It is not magic nor is it difficult to understand. Pressurized lamps, lanterns, stoves, irons and burners all use simple mechanics and basic principles for operation.

This "theory" chapter will discuss a Coleman® lantern. The principals are the same for just about every pressurized gasoline or kerosene lamp or lantern, regardless of manufacturer. Many of these functions also apply to stoves, however, a stove creates flame rather than light so we will also cover the basics of how a stove works at the end of the discussion.

Part One: Building and maintaining pressure.The driving force behind any pressurized appliance is pressure. Pressure is created and maintained within the fount, or tank, of an appliance.

Fig 1

Figure 1 shows the fount of a single-mantle lantern. Imagine this as any lantern or lamp sitting on any table, ready to be lit.

The pump and the check valve are used to create pressure. The fuel filler cap gasket is important for maintaining the pressure.

I'd like you to notice the pump, air stem and check valve first. The pump is fully clockwise, or "closed," and this means that the threaded air stem is all the way down and fully seated in the check valve. When we are to use a lantern the first thing we do is give the plunger a counter-clockwise twist, grab it and start pumping away. Simple enough but let's look at what happens.

Fig 2

In Figure 2 we've taken the first step and turned the pump plunger counter-clockwise.

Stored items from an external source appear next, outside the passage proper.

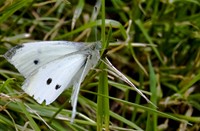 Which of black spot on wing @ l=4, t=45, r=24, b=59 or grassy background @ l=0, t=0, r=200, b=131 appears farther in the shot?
grassy background @ l=0, t=0, r=200, b=131

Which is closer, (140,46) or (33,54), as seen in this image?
(33,54)

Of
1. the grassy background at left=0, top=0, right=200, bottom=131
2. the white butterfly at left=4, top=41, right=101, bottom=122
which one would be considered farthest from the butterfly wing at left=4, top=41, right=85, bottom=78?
the grassy background at left=0, top=0, right=200, bottom=131

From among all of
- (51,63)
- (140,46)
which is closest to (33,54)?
(51,63)

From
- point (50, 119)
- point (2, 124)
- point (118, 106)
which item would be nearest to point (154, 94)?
point (118, 106)

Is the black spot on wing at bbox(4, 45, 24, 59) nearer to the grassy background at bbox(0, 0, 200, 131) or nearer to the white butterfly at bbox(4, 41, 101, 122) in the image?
the white butterfly at bbox(4, 41, 101, 122)

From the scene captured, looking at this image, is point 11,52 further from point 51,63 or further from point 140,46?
point 140,46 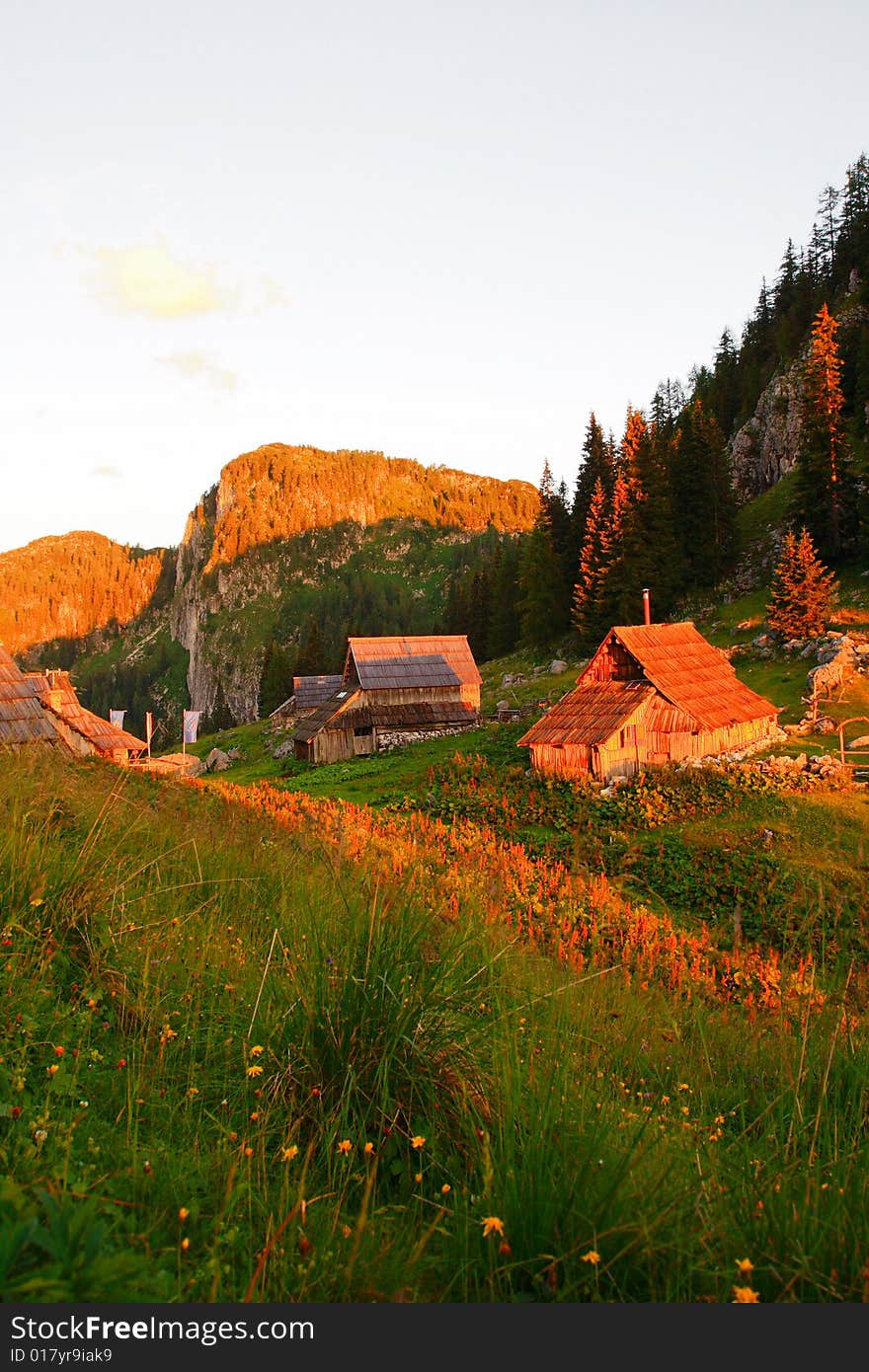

The graphic is over-exaggerated for clarity but you see what occurred. The twisting motion of the pump actually turns the air stem and unseats it from the check valve. There is now sufficient space at the bottom of the air stem for air to pass.

Fig 3

In Figure 3 we're pulling the pump plunger back to pump the lantern.

This pulling motion creates a small vacuum inside of the plunger cylinder, below the pump cup. The check valve at the very bottom has a small ball bearing in it that is being pulled up into the closed position with this motion. This helps create the vacuum because no air can be drawn out of the fount. In order to fill the vacuum, air is pulled down the pump cylinder and around the outside diameter of the pump cup.

Fig 4

Figure 4 illustrates what happens when you press the pump plunger down to pump the lantern.

During the down-stroke the pump cup forces that air in the pump cylinder into the fount. As the pump cup moves downward, the increasing pressure in the cylinder forces the check valve (down) to unseat it, and air passes freely through the valve. After the check valve, air travels up through an inlet tube and into the fount.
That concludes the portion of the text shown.